EXERCISE REQUIREMENTS:
This exercise calls for all the entries that follow to be set down exactly, without their images.

MATERIAL PROVIDED:
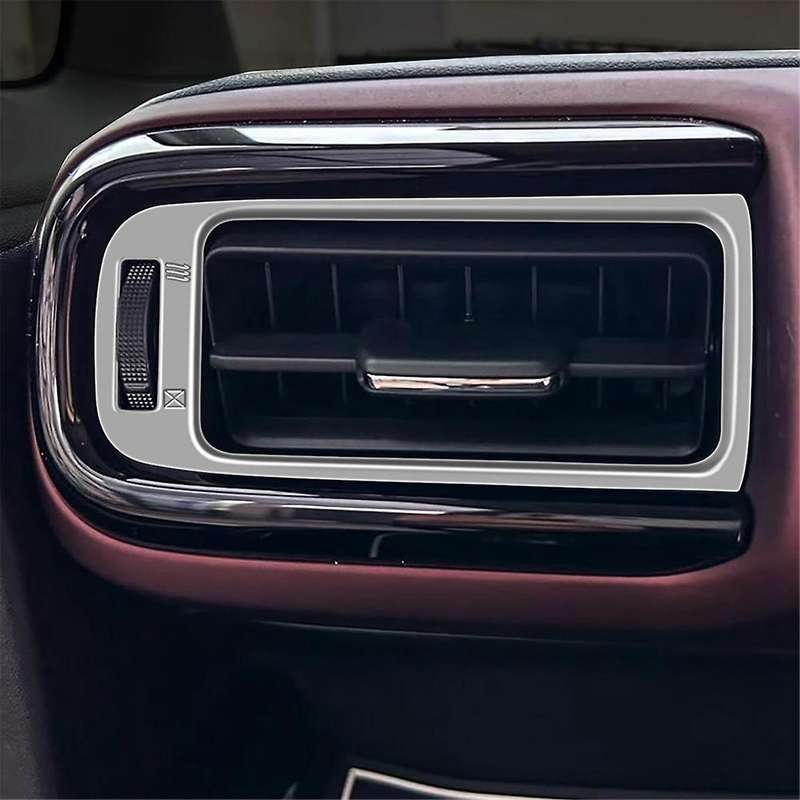 for Spacia/Spacia Custom MK54S MK94S 2024 Side Air Conditioning Outlet Vent Cover Trim Accessories S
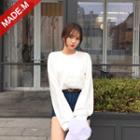 Pocket-front Boxy-fit Sweatshirt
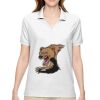 Ladies' Pima Piqué Y-Collar Polo Thumbnail
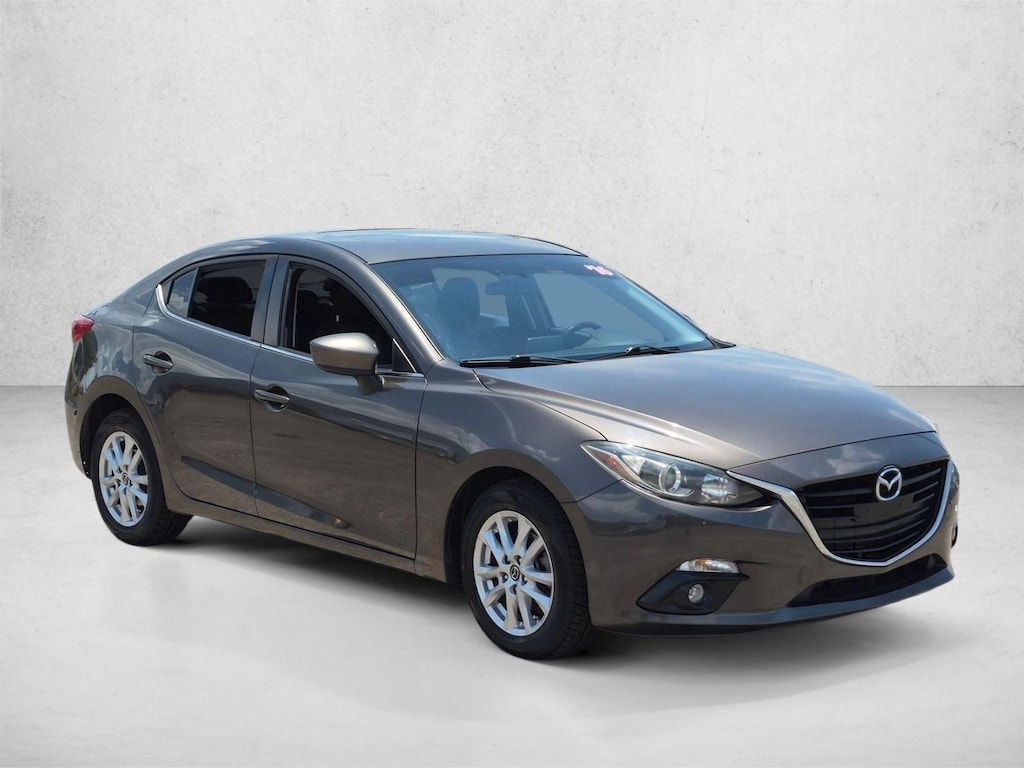Used 2016 Mazda Mazda3 i Touring Sedan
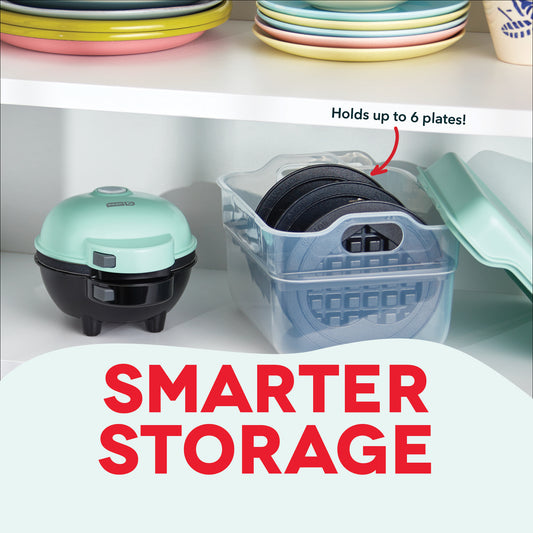 MultiMaker® Mini System: Removable Plate Storage Case Parts & Accessories Dash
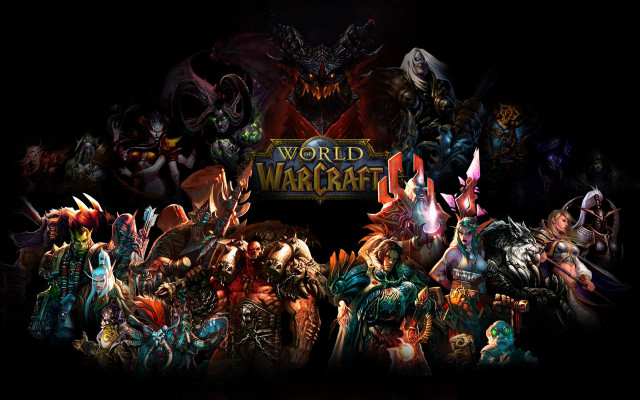 World of warcraft characters dark free wallpaper - medium preview image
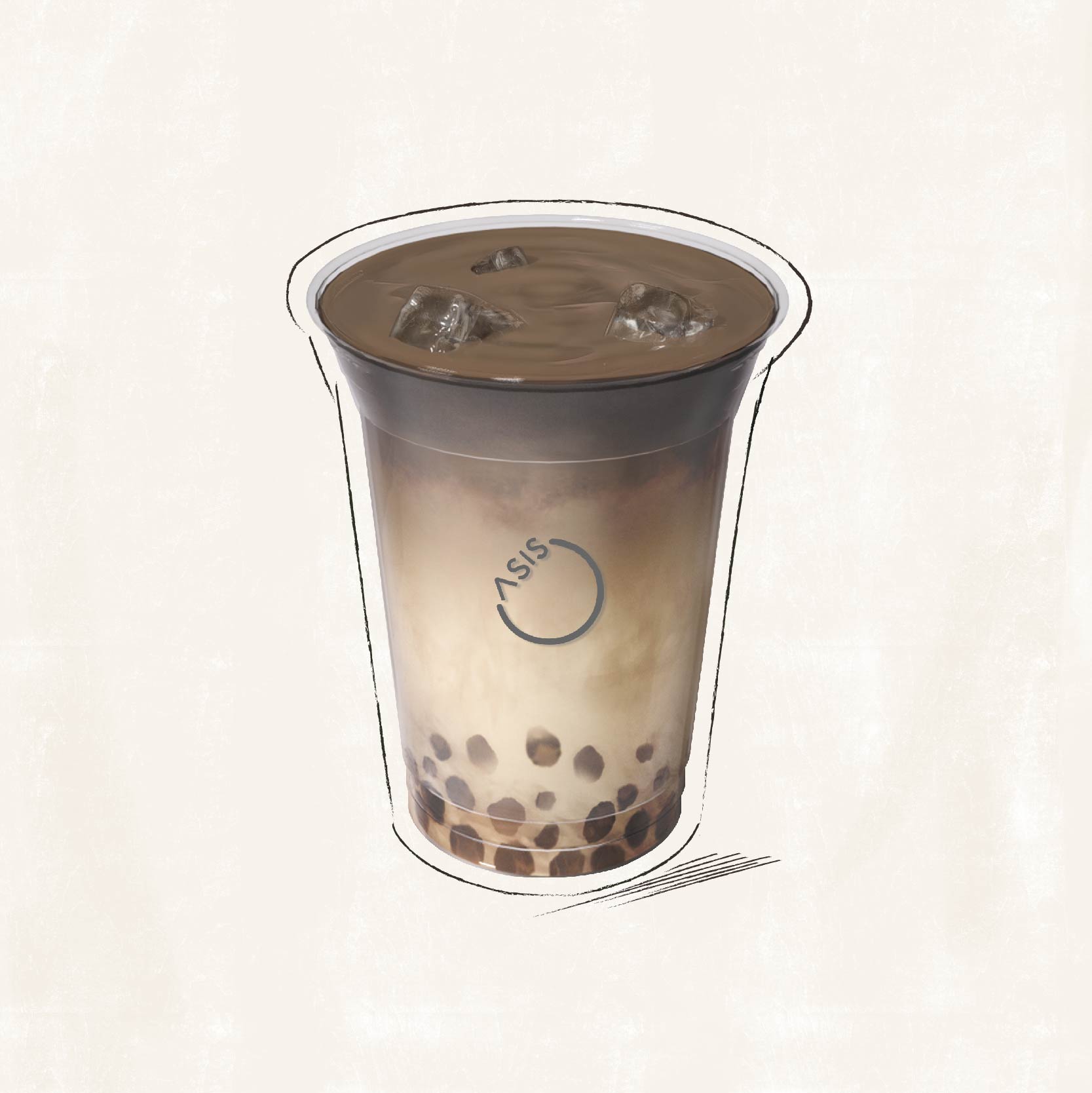 琥珀焙茶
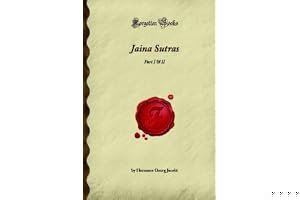 Jaina Sutras: Part I & II (Forgotten Books) book cover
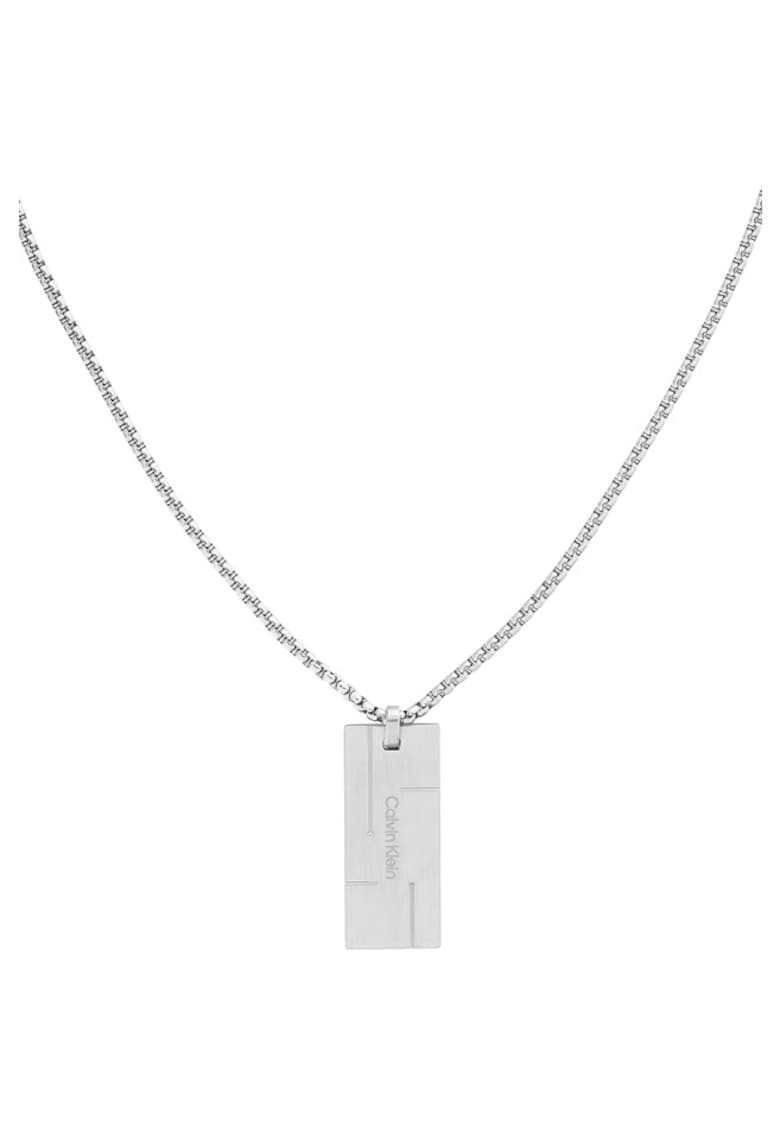 Lant Men’s Collection Dog Tag 35000058 - Argintiu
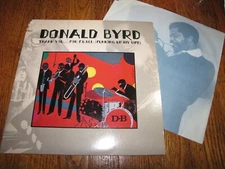 DONALD BYRD - THANK YOU FOR F.U.M.L.(FUNKING UP MY LIFE) - ELEKTRA RECORDS LP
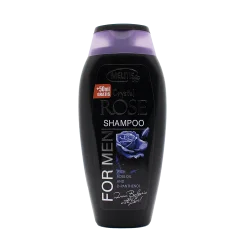 Шампоан за коса "Melitis Crystal Rose" за мъже 250 ml Шампоан за коса "Melitis Crystal Rose" за мъже 250 ml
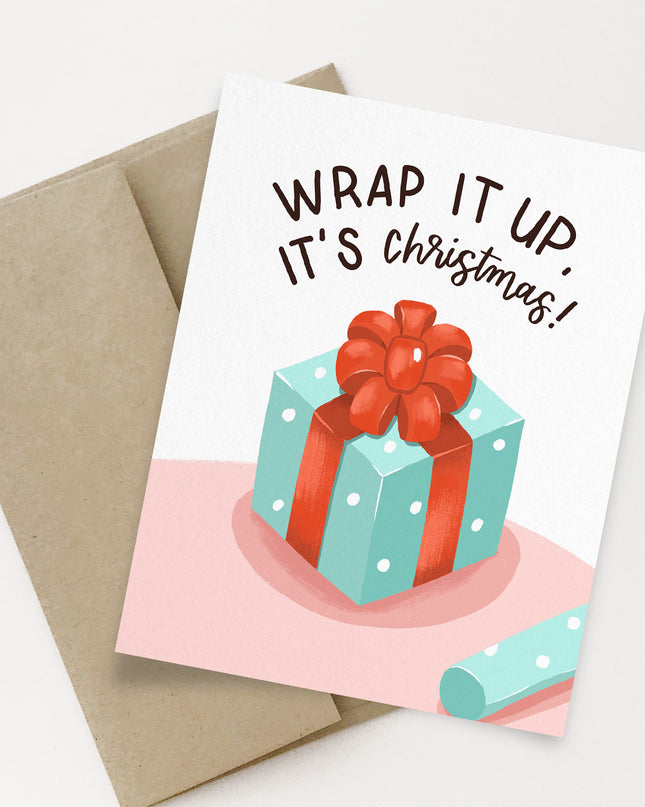 Wrap It Up Card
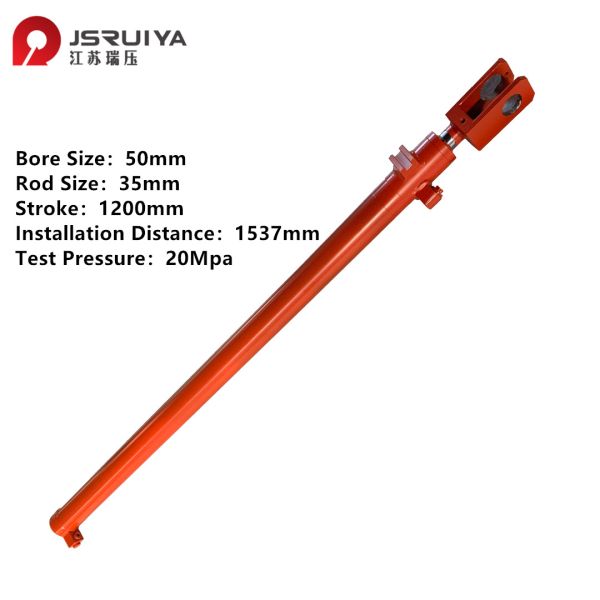 16Mpa Small Bore Long Stroke Customized Hydraulic Cylinders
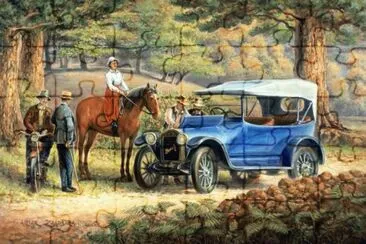 carro jigsaw puzzle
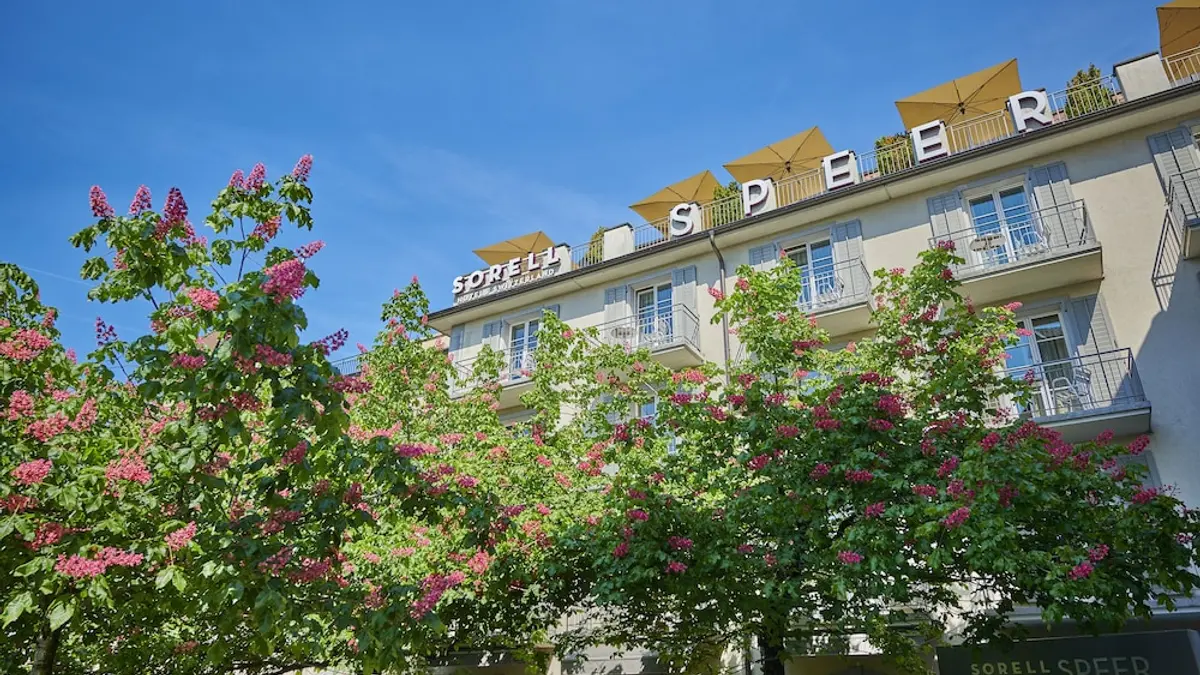 Sorell Boutique-Hotel Speer Rapperswil, Rapperswil-Jona, Switzerland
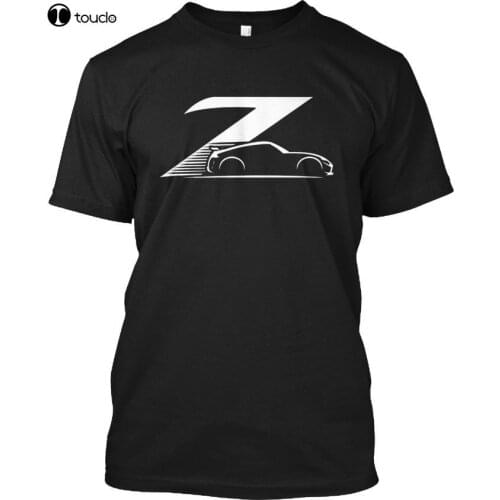 Top Quality T Shirts Men O Neck 370z Nismo Black Racer Sporter Tee T-Shirt Print Tee Shirts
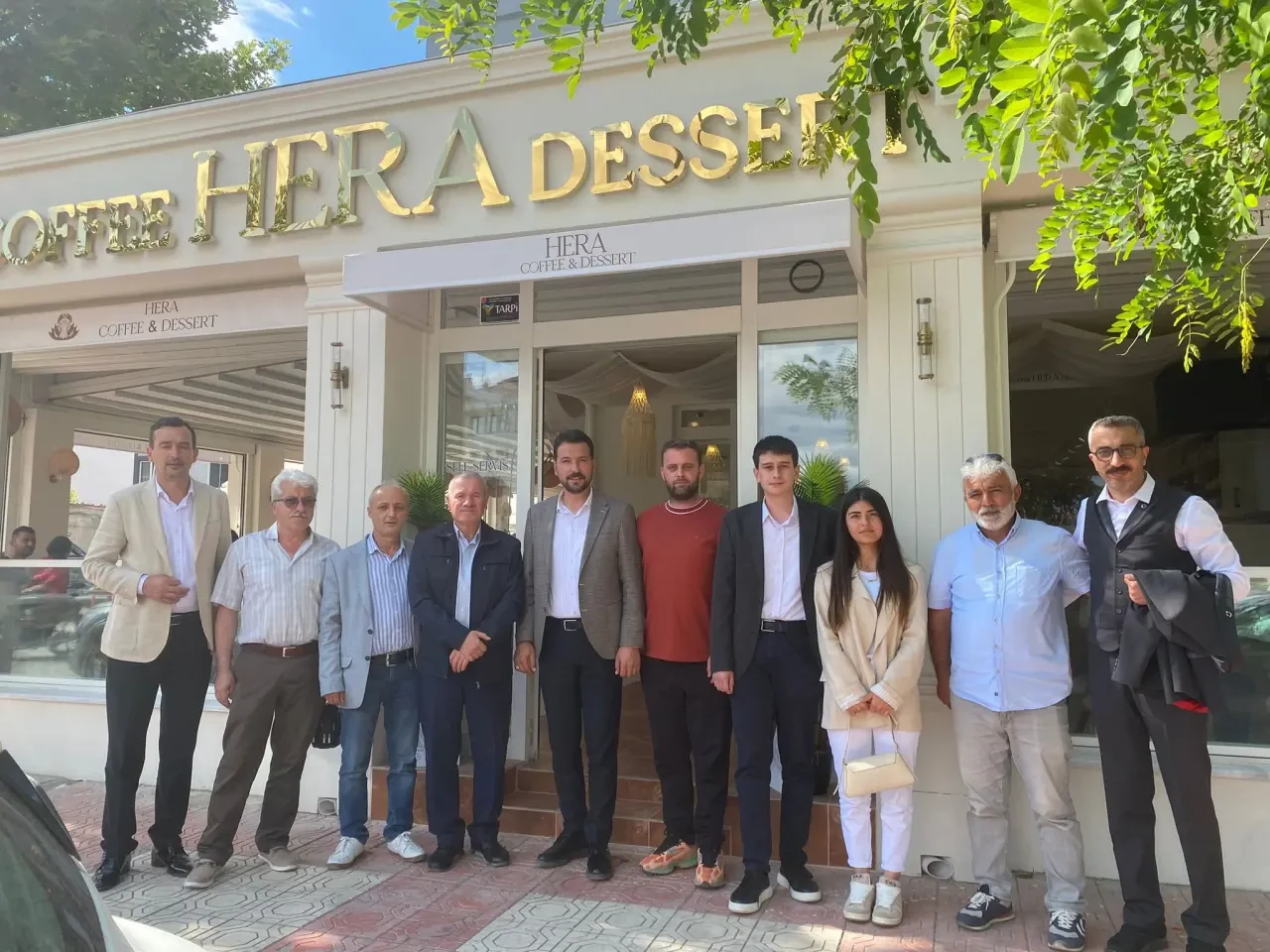 AK Parti Merzifon Teşkilatı Sahada 5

RESULT OF THIS EXERCISE:
 for Spacia/Spacia Custom MK54S MK94S 2024 Side Air Conditioning Outlet Vent Cover Trim Accessories S
 Pocket-front Boxy-fit Sweatshirt
 Ladies' Pima Piqué Y-Collar Polo Thumbnail
Used 2016 Mazda Mazda3 i Touring Sedan
 MultiMaker® Mini System: Removable Plate Storage Case Parts & Accessories Dash
 World of warcraft characters dark free wallpaper - medium preview image
 琥珀焙茶
 Jaina Sutras: Part I & II (Forgotten Books) book cover
 Lant Men’s Collection Dog Tag 35000058 - Argintiu
 DONALD BYRD - THANK YOU FOR F.U.M.L.(FUNKING UP MY LIFE) - ELEKTRA RECORDS LP
 Шампоан за коса "Melitis Crystal Rose" за мъже 250 ml Шампоан за коса "Melitis Crystal Rose" за мъже 250 ml
 Wrap It Up Card
 16Mpa Small Bore Long Stroke Customized Hydraulic Cylinders
 carro jigsaw puzzle
 Sorell Boutique-Hotel Speer Rapperswil, Rapperswil-Jona, Switzerland
 Top Quality T Shirts Men O Neck 370z Nismo Black Racer Sporter Tee T-Shirt Print Tee Shirts
 AK Parti Merzifon Teşkilatı Sahada 5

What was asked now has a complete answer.